So I’m new to github. And not gonna lie, I feel a little ashamed about it. To me it’s always been one of those things that only the super impressive graduate students know how to use and navigate, but it just never stuck for me. Hence my embarrassingly grey contribution array.


Fetching, pushing, pulling, it’s all been a little difficult to keep track of. I suspect it’ll get easier as I keep using it, but for now I should probably write down some instructions for myself to reference back to. Like how to properly update my pull requests!
So here’s how it went: I submitted a PR, later saw a change I needed to make, made a new commit, got some comments on things I should/needed to change, made some more commits, and suddenly I had a whole list of small-change commits that I needed to squash. By the way, I love that it’s called squashing. Really captures what’s going on.
Ideally you would just fetch, edit, add, commit, squash, and push right? Well git does not care about your happiness. It will help you collaborate and ease version control with reluctance.

Specifically, I had some struggles rebasing. I kept getting super long lists of commits I didn’t make, commits I did make but weren’t showing up, merge conflicts, all that fun stuff. So I took the tried-and-true IT approach: “Did you try turning it on and off again?”. Otherwise known as “Forget this branch, I’m starting over!”.

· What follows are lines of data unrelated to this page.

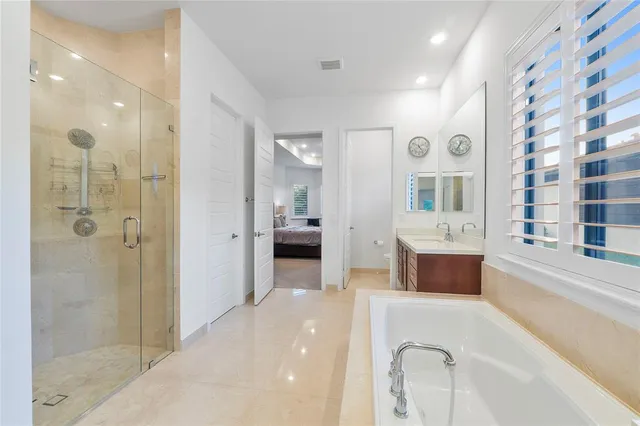 a view of bathroom with dual sinks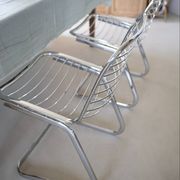Lot of 2 chrome metal chairs by Gastone Rinaldi.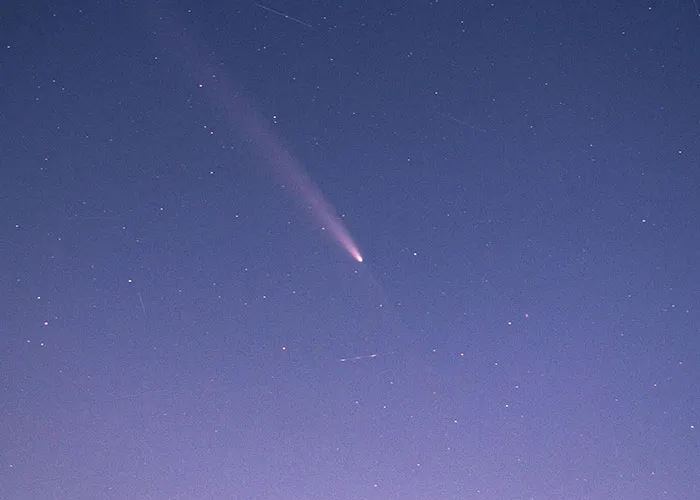 A comet streaks across a starry night sky, its tail glowing brightly.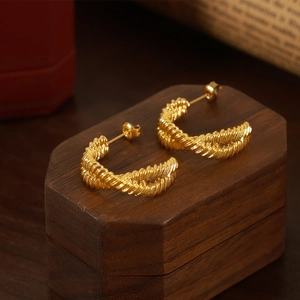 Elegant gold twisted rope C-shaped stud earrings in a vintage minimalist design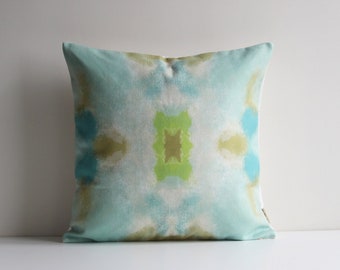 May include: A square throw pillow with a blue, green and white tie-dye pattern.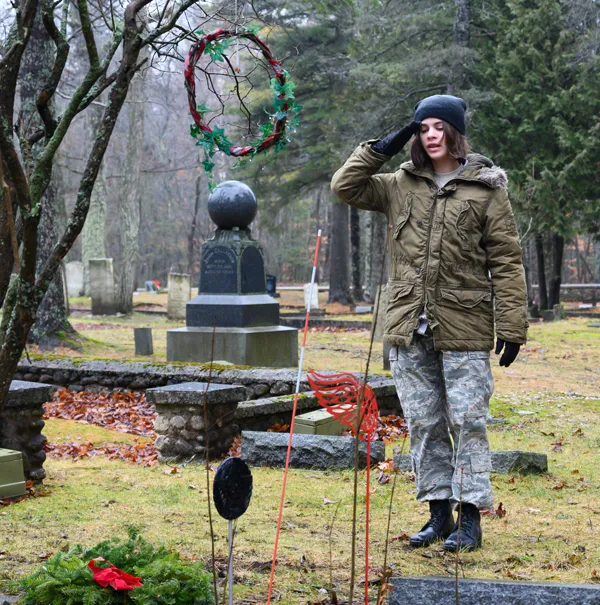 C/Amn Emma Brewer at grave of soldier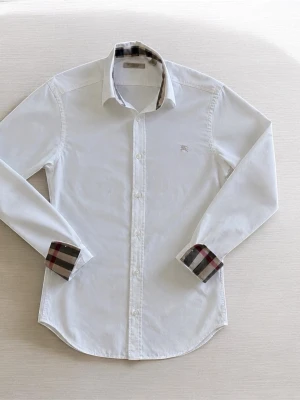 Vit skjorta från Burberry med rutiga detaljer - Vit skjorta från Burberry i bomull med klassiska rutiga detaljer på insidan av krage och manschetter. Skjortan har lång ärm, knappar framtill och en liten broderad logga på bröstet. Perfekt för en stilren look.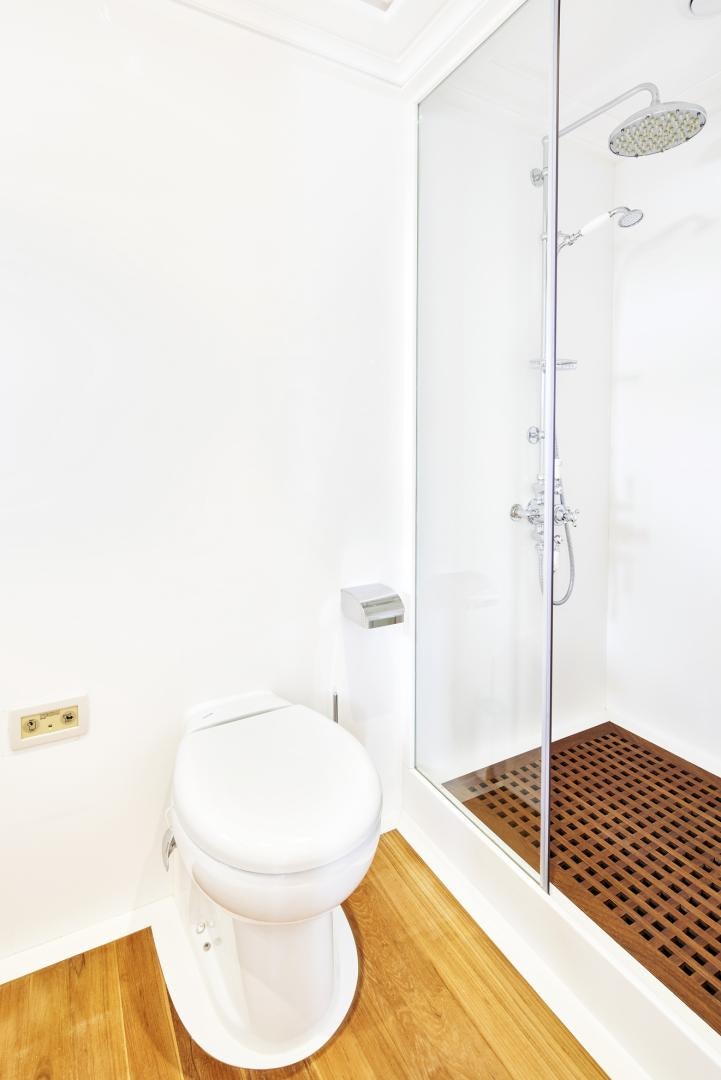 a bathroom with a toilet and shower aboard OLDE SALT Yacht for Sale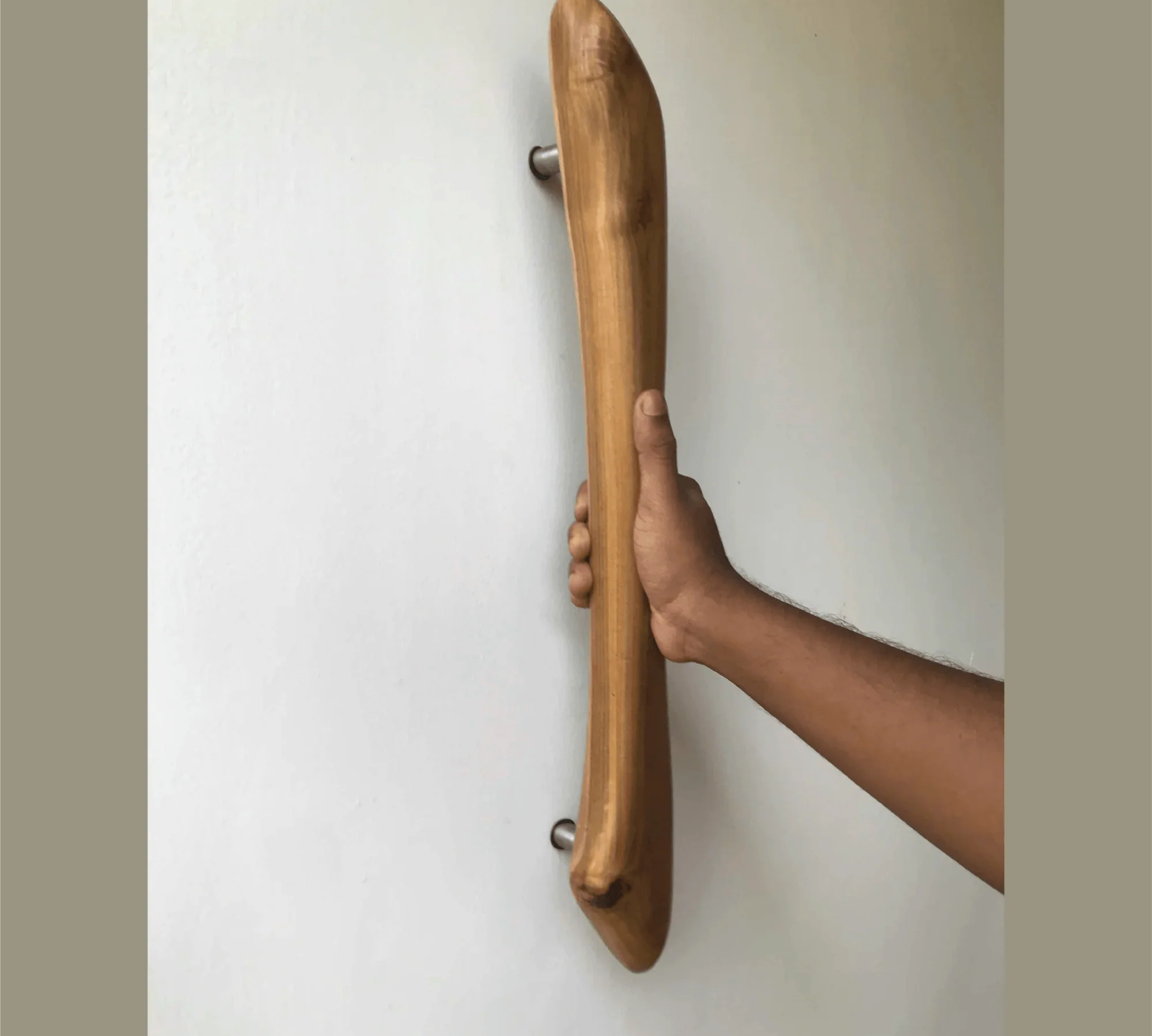 Hand gripping smooth curved wooden front door handle mounted on white wall by Wood Ceylon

Future-self, here’s how to edit PRs in a way that works for you:
>>> git fetch astropy
>>> git fetch tcjansen
>>> git checkout --track tcjansen/<branch>
Make whatever changes to <file>
>>> git add <file>
>>> git commit -m "useful message here"
At this point if you don’t make any more changes you don’t have to rebase. But if you do make changes, do the following:
>>> git rebase -i astropy/master
In the editor window that pops up, “pick” a commit, and “squash” the remaining commits by replacing the “pick” command with “squash”. Once you save the document, a new editor window will come up, in which you want to just delete the commit messages of the ones you squashed. You can also edit the first commit message if you want. Then push it back to your remote repo:
>>> git push -f tcjansen # use the force young padawan
Now I’m going to be the super impressive graduate student gosh dang it!